Open on DataHub
# HIDDEN
# Clear previously defined variables
%reset -f

# Set directory for data loading to work properly
import os
os.chdir(os.path.expanduser('~/notebooks/09'))
# HIDDEN
import warnings
# Ignore numpy dtype warnings. These warnings are caused by an interaction
# between numpy and Cython and can be safely ignored.
# Reference: https://stackoverflow.com/a/40846742
warnings.filterwarnings("ignore", message="numpy.dtype size changed")
warnings.filterwarnings("ignore", message="numpy.ufunc size changed")

import numpy as np
import matplotlib.pyplot as plt
import pandas as pd
import seaborn as sns
%matplotlib inline
import ipywidgets as widgets
from ipywidgets import interact, interactive, fixed, interact_manual
import nbinteract as nbi

sns.set()
sns.set_context('talk')
np.set_printoptions(threshold=20, precision=2, suppress=True)
pd.options.display.max_rows = 7
pd.options.display.max_columns = 8
pd.set_option('precision', 2)
# This option stops scientific notation for pandas
# pd.set_option('display.float_format', '{:.2f}'.format)
# HIDDEN
# Make names table
sql_expr = """
CREATE TABLE names(
    cat_id INTEGER PRIMARY KEY,
    name TEXT);
"""
result = sqlite_engine.execute(sql_expr)

# Populate names table
sql_expr = """
INSERT INTO names VALUES 
(0, "Apricot"),
(1, "Boots"),
(2, "Cally"),
(4, "Eugene");
"""

result = sqlite_engine.execute(sql_expr)
# HIDDEN
# Make colors table
sql_expr = """
CREATE TABLE colors(
    cat_id INTEGER PRIMARY KEY,
    color TEXT);
"""
result = sqlite_engine.execute(sql_expr)

# Populate colors table
sql_expr = """
INSERT INTO colors VALUES 
(0, "orange"),
(1, "black"),
(2, "calico"),
(3, "white");
"""

result = sqlite_engine.execute(sql_expr)
# HIDDEN
# Make ages table
sql_expr = """
CREATE TABLE ages(
    cat_id INTEGER PRIMARY KEY,
    age INT);
"""
result = sqlite_engine.execute(sql_expr)

# Populate ages table
sql_expr = """
INSERT INTO ages VALUES 
(0, 4),
(1, 3),
(2, 9),
(4, 20);
"""

result = sqlite_engine.execute(sql_expr)

SQL Joins

In pandas we use the pd.merge method to join two tables using matching values in their columns. For example:

pd.merge(table1, table2, on='common_column')
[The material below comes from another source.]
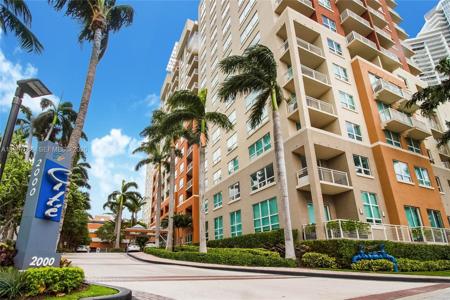 2000 N Bayshore Dr
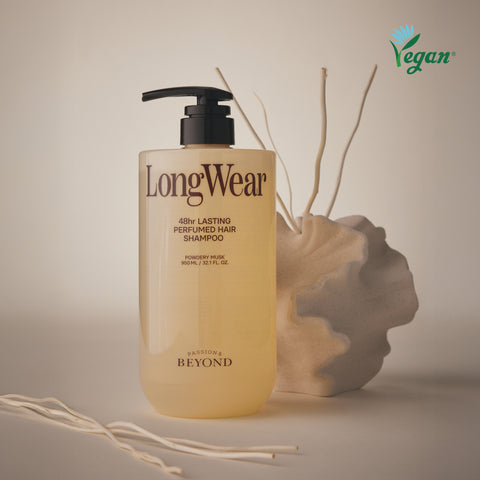 BEYOND Longwear Perfumed Shampoo Powdery Musk 950ml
In this section, we introduce SQL joins. SQL joins are used to combine multiple tables in a relational database.

Suppose we are cat store owners with a database for the cats we have in our store. We have two different tables: names and colors. The names table contains the columns cat_id, a unique number assigned to each cat, and name, the name for the cat. The colors table contains the columns cat_id and color, the color of each cat.

Note that there are some missing rows from both tables - a row with cat_id 3 is missing from the names table, and a row with cat_id 4 is missing from the colors table.

names
cat_id name
0 Apricot
1 Boots
2 Cally
4 Eugene
colors
cat_id color
0 orange
1 black
2 calico
3 white

To compute the color of the cat named Apricot, we have to use information in both tables. We can join the tables on the cat_id column, creating a new table with both name and color.

Joins

A join combines tables by matching values in their columns.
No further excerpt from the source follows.